▶ Work to complete
Could you write out, exactly and with no pictures, every line from the one containing "Geschenk für Data" through the last line of the entries?

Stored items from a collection
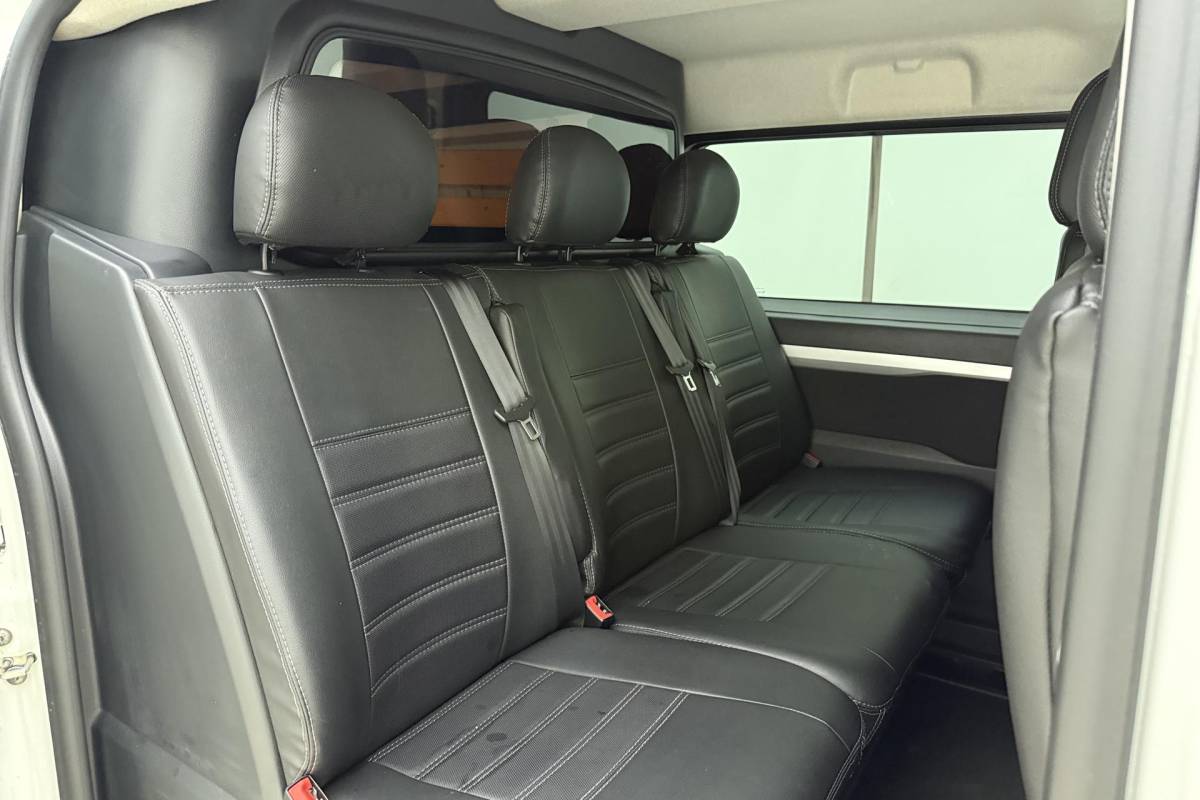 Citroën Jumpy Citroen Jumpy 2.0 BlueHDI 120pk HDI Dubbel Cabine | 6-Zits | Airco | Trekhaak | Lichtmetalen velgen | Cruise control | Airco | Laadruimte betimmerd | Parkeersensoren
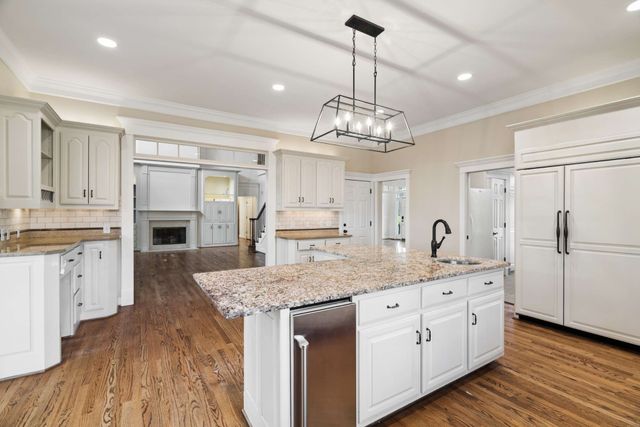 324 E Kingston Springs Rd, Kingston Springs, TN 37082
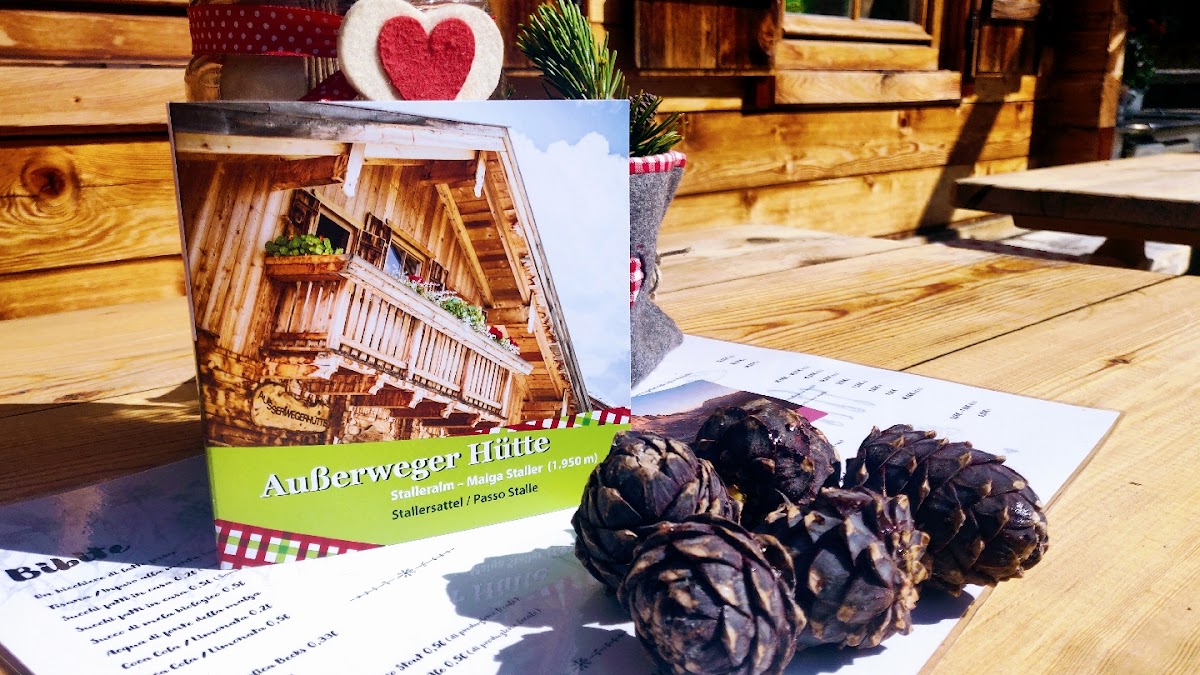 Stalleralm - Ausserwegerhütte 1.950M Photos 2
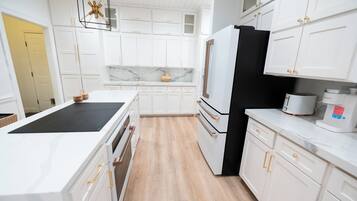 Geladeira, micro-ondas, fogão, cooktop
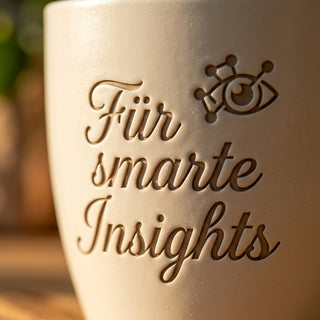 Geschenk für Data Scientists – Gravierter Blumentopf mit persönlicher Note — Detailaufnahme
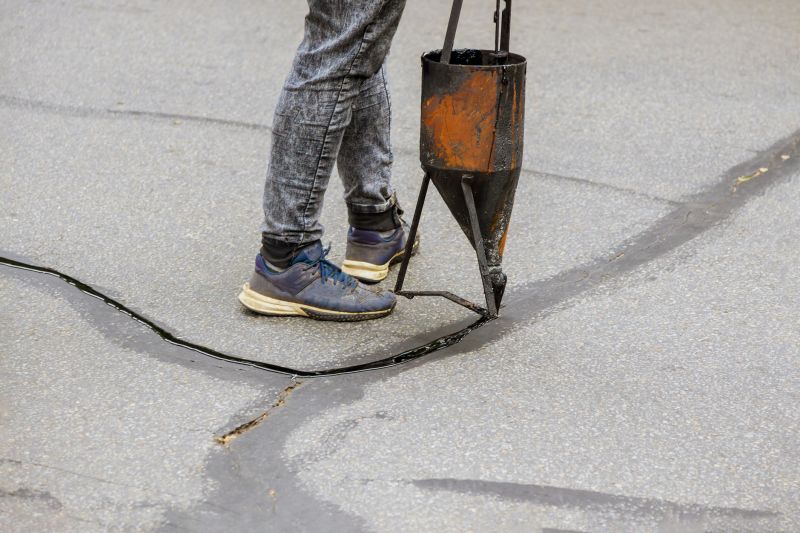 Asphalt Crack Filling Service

▶ Answer space
 Geschenk für Data Scientists – Gravierter Blumentopf mit persönlicher Note — Detailaufnahme
 Asphalt Crack Filling Service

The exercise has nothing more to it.